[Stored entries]
____________________
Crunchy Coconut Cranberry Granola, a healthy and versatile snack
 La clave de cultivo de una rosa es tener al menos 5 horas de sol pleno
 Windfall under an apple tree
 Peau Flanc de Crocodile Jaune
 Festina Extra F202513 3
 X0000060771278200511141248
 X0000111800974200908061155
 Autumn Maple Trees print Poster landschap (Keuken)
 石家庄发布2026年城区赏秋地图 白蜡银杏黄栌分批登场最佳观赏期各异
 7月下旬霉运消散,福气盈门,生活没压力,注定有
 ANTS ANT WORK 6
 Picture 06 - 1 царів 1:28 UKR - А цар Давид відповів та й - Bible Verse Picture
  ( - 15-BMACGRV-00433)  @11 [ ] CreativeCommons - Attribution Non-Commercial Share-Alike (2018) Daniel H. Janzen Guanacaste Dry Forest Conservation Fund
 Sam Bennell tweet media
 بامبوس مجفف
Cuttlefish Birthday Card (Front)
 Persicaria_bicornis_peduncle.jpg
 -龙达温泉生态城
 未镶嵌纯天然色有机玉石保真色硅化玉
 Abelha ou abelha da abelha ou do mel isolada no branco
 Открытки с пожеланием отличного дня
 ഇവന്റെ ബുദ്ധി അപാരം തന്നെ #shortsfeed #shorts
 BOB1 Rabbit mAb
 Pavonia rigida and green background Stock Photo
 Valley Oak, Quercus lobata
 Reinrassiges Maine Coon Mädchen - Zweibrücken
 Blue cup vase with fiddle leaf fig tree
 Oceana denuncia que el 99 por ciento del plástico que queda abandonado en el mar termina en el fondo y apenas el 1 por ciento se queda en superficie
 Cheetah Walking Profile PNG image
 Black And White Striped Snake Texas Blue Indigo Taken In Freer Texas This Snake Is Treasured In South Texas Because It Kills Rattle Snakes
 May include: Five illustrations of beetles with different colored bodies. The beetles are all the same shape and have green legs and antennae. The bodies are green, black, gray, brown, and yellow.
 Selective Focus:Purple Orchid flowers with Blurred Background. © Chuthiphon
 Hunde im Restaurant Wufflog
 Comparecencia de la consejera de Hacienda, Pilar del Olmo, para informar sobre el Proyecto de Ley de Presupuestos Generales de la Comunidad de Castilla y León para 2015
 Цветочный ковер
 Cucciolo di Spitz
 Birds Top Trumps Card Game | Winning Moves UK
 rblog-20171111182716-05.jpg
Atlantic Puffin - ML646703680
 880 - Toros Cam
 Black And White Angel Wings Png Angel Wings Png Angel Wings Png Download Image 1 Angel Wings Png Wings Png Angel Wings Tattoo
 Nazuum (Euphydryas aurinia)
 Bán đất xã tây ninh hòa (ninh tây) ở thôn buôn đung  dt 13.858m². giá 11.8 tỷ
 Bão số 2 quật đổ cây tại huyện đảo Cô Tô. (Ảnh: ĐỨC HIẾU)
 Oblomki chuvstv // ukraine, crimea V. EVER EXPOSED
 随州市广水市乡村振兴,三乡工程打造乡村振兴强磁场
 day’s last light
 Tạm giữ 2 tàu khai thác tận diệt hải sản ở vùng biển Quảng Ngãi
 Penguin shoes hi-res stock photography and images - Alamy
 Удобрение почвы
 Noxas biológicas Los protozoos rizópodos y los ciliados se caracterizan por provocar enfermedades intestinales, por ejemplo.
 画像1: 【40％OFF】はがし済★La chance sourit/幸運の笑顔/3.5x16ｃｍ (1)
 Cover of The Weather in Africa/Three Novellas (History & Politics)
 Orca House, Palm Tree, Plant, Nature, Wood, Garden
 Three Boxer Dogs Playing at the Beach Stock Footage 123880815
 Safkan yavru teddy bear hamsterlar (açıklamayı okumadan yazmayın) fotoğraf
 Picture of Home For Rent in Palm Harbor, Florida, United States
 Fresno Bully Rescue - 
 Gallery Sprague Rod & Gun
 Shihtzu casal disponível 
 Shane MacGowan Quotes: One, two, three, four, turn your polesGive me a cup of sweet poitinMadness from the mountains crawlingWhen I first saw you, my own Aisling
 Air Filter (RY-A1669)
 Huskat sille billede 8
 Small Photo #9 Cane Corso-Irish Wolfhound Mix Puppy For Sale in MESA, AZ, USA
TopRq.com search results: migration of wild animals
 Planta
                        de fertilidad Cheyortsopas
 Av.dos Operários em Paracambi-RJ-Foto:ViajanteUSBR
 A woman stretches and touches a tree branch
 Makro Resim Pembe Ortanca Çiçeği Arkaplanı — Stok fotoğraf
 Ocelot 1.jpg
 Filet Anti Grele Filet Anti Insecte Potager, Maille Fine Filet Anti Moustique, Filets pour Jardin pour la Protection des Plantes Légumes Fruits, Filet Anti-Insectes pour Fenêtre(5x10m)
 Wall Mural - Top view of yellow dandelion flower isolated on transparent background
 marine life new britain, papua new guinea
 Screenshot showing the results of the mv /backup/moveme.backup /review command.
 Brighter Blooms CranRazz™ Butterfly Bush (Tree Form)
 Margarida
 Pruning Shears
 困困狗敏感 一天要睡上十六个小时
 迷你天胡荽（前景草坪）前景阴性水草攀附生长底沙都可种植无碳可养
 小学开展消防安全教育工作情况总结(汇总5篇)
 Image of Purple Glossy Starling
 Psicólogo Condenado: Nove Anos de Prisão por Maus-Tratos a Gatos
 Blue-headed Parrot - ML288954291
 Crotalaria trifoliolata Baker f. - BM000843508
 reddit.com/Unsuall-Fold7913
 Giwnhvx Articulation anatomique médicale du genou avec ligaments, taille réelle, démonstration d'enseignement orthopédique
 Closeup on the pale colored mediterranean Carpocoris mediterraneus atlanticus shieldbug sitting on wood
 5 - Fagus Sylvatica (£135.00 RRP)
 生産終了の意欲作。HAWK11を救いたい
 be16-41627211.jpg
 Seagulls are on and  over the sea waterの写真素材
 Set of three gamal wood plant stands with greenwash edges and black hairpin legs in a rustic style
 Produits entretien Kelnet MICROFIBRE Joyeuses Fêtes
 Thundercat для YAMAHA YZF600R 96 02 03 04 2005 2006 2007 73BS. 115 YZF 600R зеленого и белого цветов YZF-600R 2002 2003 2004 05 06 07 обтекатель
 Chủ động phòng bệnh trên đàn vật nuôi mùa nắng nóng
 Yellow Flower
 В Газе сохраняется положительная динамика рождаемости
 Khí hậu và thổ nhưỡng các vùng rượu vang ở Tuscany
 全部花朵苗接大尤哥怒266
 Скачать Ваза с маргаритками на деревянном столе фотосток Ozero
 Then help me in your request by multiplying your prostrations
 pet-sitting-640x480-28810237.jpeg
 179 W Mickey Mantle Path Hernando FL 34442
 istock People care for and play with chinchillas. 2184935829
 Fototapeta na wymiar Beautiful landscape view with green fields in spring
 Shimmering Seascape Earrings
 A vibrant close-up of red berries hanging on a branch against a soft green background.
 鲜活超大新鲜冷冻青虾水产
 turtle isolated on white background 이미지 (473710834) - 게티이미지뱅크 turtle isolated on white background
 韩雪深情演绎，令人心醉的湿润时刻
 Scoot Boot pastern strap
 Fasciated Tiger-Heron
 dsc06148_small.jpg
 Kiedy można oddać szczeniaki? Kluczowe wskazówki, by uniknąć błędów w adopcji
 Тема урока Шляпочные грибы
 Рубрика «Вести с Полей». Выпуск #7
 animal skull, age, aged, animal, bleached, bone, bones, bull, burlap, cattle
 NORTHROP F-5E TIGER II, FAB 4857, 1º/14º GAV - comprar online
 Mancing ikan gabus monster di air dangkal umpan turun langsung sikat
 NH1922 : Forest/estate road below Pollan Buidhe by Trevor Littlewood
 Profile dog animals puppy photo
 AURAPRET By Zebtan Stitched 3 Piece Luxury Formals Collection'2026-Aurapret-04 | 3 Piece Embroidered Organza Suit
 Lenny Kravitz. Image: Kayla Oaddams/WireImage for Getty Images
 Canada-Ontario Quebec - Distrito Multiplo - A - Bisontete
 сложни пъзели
____________________
Work task: Using the entries above, repeat only the lines from the one containing "Seagulls are on" through the one containing "Produits entretien Kelnet", end lines included.

Answer section:
 Seagulls are on and  over the sea waterの写真素材
 Set of three gamal wood plant stands with greenwash edges and black hairpin legs in a rustic style
 Produits entretien Kelnet MICROFIBRE Joyeuses Fêtes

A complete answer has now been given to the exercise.